Abstract:
With the rapid development of deep learning applications, deep learning processors (DLPs) such as TensorCore GPU, TPU, MLU have risen rapidly and demonstrated excellent performance in matrix operations. To efficiently handle complex matrix data, these processors typically partition sub-matrices and load them into on-chip memory with fixed stride, establishing a distinct pattern of strided memory access. However, devices like NVIDIA H100, Huawei Ascend, and Cambricon MLU currently depend on complex explicit conflict management, lacking dedicated hardware controls for strided memory access conflicts, thus making it challenging to ensure the atomicity and consistency of instruction execution. Traditional memory conflict detection methods focus on scalar operations and have difficulty capturing dependency conflicts among matrix data. To address this issue, we propose a strided matrix memory access conflict determination method that transforms conflict detection into the problem of solving a binary linear Diophantine equation, thereby accurately determining the dependency relationships between memory access instructions.

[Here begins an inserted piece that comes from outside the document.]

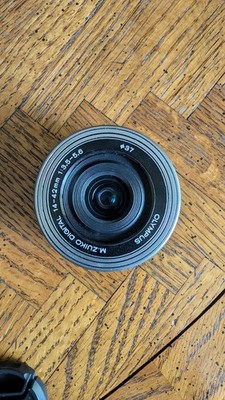 Olympus M.Zuiko Digital ED 14-42mm - PARTS NOT WORKING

Simulation experiments demonstrate that this approach markedly enhances the memory performance of typical operators in large language models: memory bandwidth utilization can peak at 94% (LPDDR) and 91% (HBM), while the average determination overhead is reduced to 4.68% and 0.31% when compared to the Power test and set intersection methods, respectively. In addition, hardware evaluation based on a 12 nm process shows that the determination design occupies only
0.02333 mm
2 and the power consumption is
4.1194 mW. Overall, this mechanism transitions from complex explicit management to efficient hardware-based determination, effectively improving the memory management of DLPs.